::: Provided records :::

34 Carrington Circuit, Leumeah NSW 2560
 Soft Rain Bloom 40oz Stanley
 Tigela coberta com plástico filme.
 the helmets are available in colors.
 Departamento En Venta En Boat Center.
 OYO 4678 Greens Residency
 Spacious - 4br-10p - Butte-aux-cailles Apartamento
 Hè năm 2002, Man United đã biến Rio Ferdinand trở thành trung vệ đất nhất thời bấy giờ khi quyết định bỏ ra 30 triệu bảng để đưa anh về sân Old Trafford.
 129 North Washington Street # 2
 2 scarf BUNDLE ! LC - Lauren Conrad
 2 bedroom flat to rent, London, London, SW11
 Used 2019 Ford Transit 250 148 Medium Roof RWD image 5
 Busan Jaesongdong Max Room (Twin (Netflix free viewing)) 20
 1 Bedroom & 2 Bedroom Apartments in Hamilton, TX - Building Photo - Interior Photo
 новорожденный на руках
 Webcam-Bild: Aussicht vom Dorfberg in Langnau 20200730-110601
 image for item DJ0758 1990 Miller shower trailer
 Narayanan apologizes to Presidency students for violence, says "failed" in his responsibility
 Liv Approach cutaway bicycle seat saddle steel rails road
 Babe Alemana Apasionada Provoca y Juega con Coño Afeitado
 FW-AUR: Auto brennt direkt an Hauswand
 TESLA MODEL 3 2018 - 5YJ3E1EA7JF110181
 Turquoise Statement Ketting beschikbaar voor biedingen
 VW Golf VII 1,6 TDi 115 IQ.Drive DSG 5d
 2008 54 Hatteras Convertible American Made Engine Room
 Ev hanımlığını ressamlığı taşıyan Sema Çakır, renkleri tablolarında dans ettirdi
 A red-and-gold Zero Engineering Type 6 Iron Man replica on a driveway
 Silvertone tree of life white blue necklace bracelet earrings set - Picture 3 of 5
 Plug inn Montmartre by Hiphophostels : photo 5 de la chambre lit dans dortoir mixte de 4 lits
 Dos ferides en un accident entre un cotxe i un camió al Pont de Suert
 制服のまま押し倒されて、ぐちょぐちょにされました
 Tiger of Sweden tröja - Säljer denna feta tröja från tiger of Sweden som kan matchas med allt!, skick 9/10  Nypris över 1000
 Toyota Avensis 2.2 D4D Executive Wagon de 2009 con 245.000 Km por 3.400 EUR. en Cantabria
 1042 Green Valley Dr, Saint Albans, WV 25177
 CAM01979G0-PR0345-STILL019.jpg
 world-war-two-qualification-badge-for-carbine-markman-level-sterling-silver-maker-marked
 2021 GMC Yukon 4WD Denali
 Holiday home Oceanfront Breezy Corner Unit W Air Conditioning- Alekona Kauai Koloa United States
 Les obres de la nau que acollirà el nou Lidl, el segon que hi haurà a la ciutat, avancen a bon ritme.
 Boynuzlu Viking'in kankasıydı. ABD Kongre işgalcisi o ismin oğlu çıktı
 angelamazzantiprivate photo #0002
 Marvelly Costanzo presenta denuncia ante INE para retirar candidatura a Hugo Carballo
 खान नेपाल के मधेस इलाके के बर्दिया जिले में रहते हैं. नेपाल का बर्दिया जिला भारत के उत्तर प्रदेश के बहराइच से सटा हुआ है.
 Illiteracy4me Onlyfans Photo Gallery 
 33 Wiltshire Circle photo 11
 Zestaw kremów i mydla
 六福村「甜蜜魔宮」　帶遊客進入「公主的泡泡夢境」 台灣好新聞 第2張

:::

Output only the number of lines in the data above that include the word "dans".

2